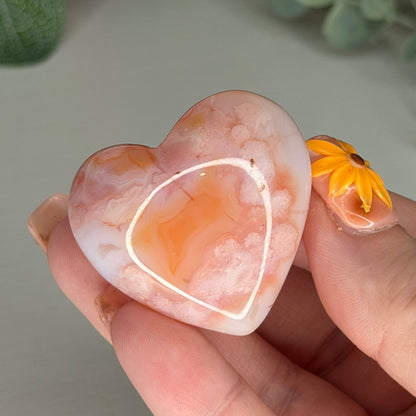 Carnelian Flower Agate Heart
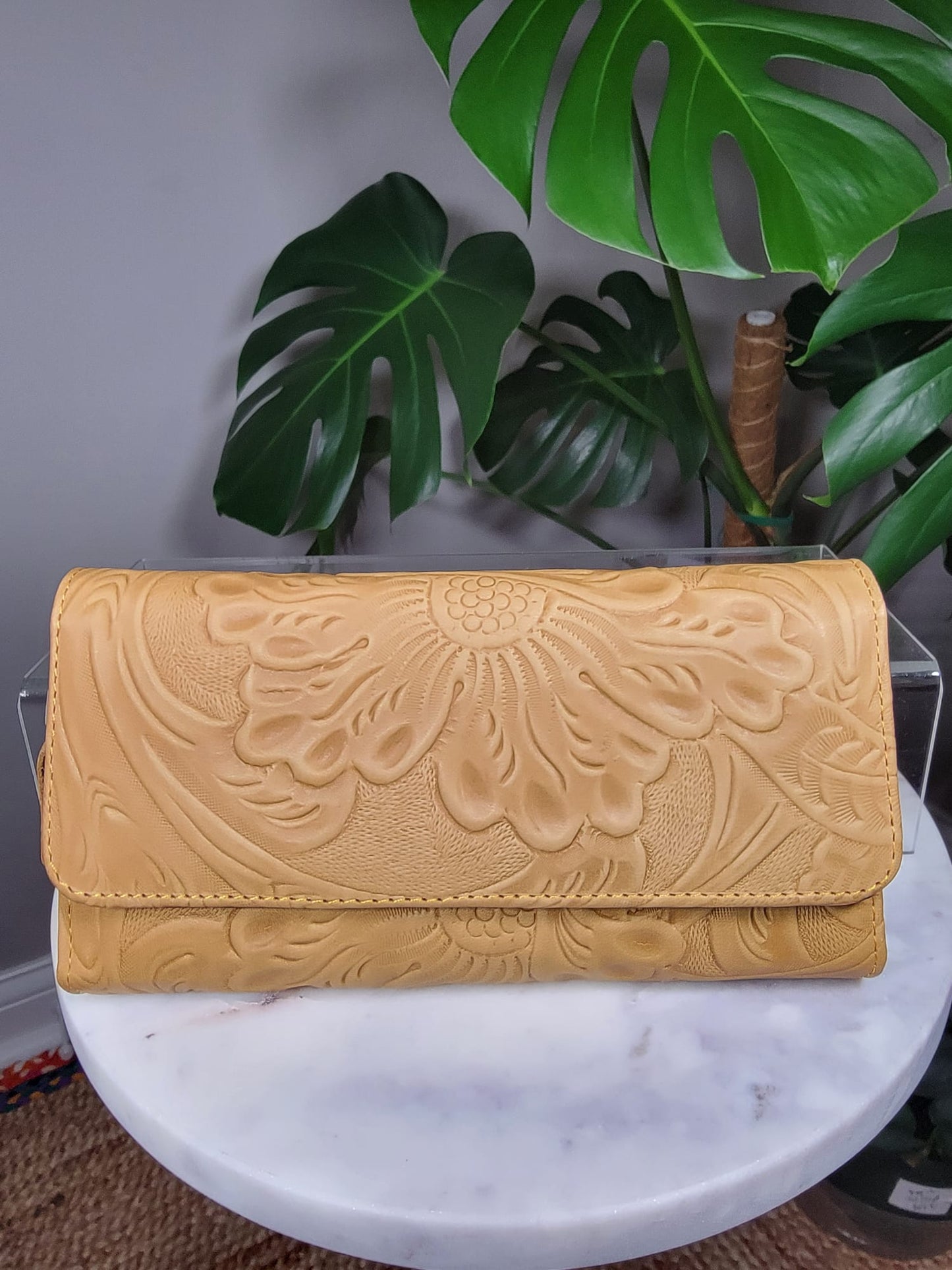 Large Embossed Leather Floral Trifold Wallet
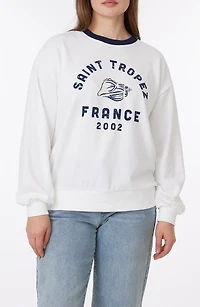 Millie Beach Terry Ringer Crewneck Sweatshirt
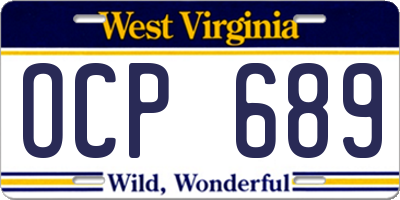 WV license plate OCP689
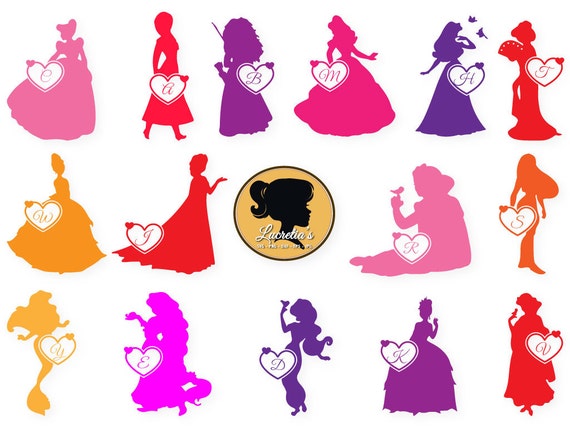 Download Disney Princess Monogram Frame SVG Cut Files for Vinyl
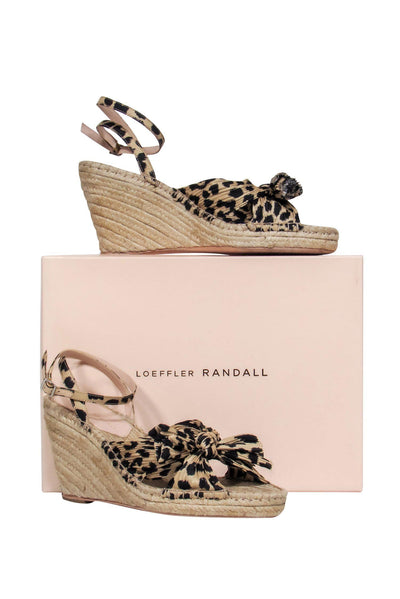 Current Boutique-Loeffler Randall - Beige Leopard Print Woven Open Toe “Charley” Wedges w/ Bow Sz 9.5
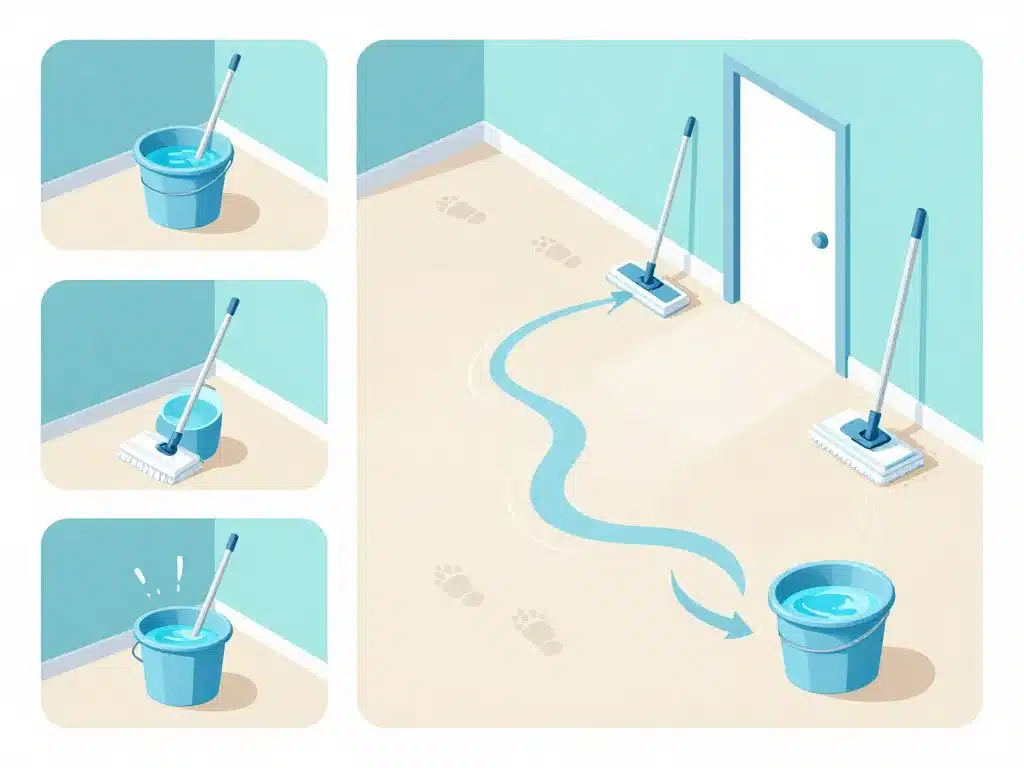 Technique en S pour passer la serpillère efficacement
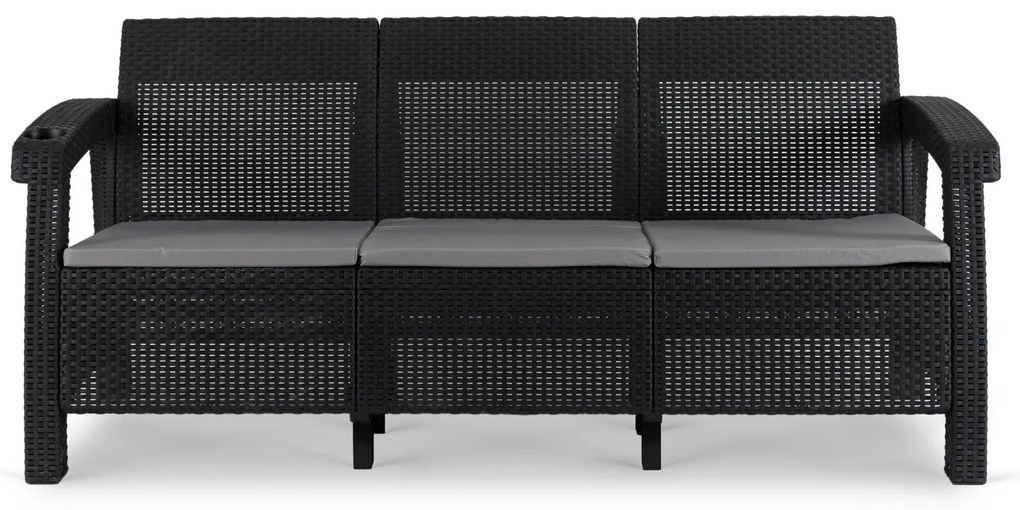 Záhradná pohovka Flint 182 cm z umelého ratanu čierna/sivá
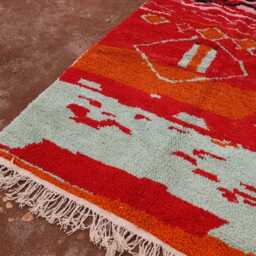 Custom Handmade Wool Moroccan Rug Abstract Multicolored Boujad Azilal Carpet - thumbnail 3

> _ACTIVITY_: Your copy must hold exactly the lines from the one with "Záhradná pohovka Flint" to the end of the records above, both included, and no pictures.

> _YOUR RESPONSE_:
 Záhradná pohovka Flint 182 cm z umelého ratanu čierna/sivá
 Custom Handmade Wool Moroccan Rug Abstract Multicolored Boujad Azilal Carpet - thumbnail 3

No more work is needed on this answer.